By Rosemary Chng
I know that many are opposed or even repulsed by the idea of homosexual relationships, how much more worse gay marriages. But I feel strongly enough about this subject to want to share with my friends my own personal feelings and experiences here.
To me, meaningful relationships and having a strong marriage is all about acceptance, love and commitment.
And who says that gay couples cannot spend a lifetime being faithful to each other?
Let me share with you some true personal encounters that transformed my thinking completely over the years…
Eleven years ago when Singapore was gripped in the heart of SARS, I knew an elderly person who was denied access into the ICU while his partner of decades lay dying simply because he could not produce any paper to show their kinship or ‘official’ family ties.

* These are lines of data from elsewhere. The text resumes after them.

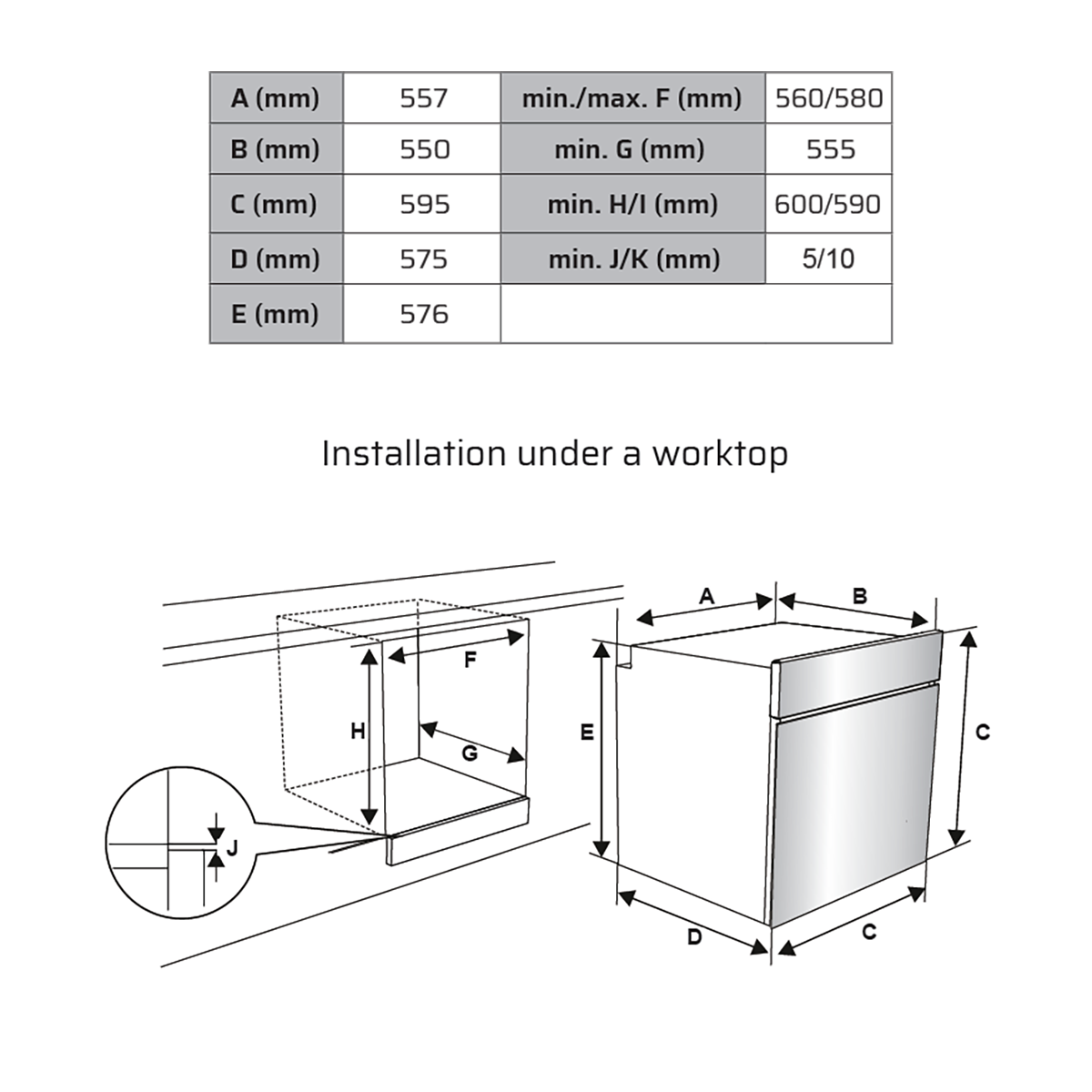 VOX SBM6510W3D Ankastre Beyaz Fırın 65L 2600W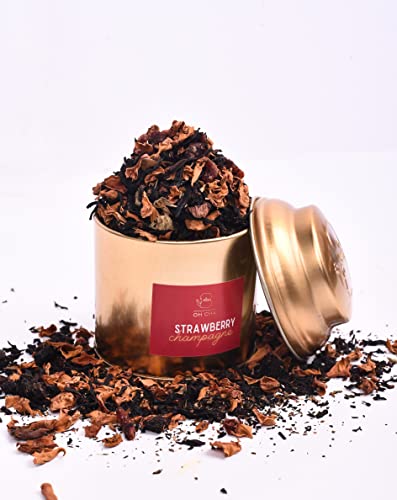 Image of OH CHA - Strawberry Rose Tea | 35gms, Darjeeling Long Leaf Tea with Raisins, Fresh Strawberries, Rose Petals, Hibiscus, Stevia | Flavoured Tea, Non Alcoholic | Celebrations in a tea cup | Brew Hot or Ice tea, for Mocktail, Cocktail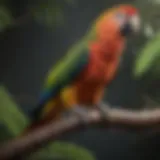 A parrot perched comfortably on a branch, showcasing its vibrant feathers.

Despite all his efforts he could not get past the red tape and his partner later died alone in the ICU not due to SARS but dengue, which unfortunately exhibits similar symptoms.
The surviving partner was inconsolably devastated and how tragic was that and all because they were not married at that time despite having spent a lifetime together. I shared his pain and cried with him.
Another good friend who lives abroad lost his partner a few years ago when he was murdered by a deranged patient. He and his partner had set up home and this was actually like the second ‘marriage’ for the partner who had previously been in a heterosexual relationship and had a couple of kids from that union.
My friend went on to continue to look after his partner’s children, got them married off and even became a grandfather. Proving that gay couples do raise perfectly heterosexual kids in loving and accepting homes.
This year I celebrate 17 wonderful years with a loving husband and raising our family of 3 boys. A number of our dearest friends who are gay also celebrate equally long anniversaries with the partner they love and have committed to a faithful and monogamous relationship all these years. Their couple bonds are as strong if not stronger than ours I might say, simply because they don’t even have a piece of official ‘marriage’ certificate to force them together.
So who says that gay people are all promiscuous sinners who cannot commit to monogamous relationship?
But I think that one must also not equate marriage with sex alone.
I also believe it is important to give one’s partner legal status in one’s life. So that tragic cases like my friend’s whose partner died alone does not happen again, and not forgetting all the legal issues of having to manage our loved one’s estate matters without legal rights.
Finally I like to close by declaring that I am a believer of Christ and I hope my gay friends and the LGBT community do not judge my faith by the the vocal few who expresses opposite views. My God is a god of love and acceptance and I just want you all to know that. Love you all and you know who you are!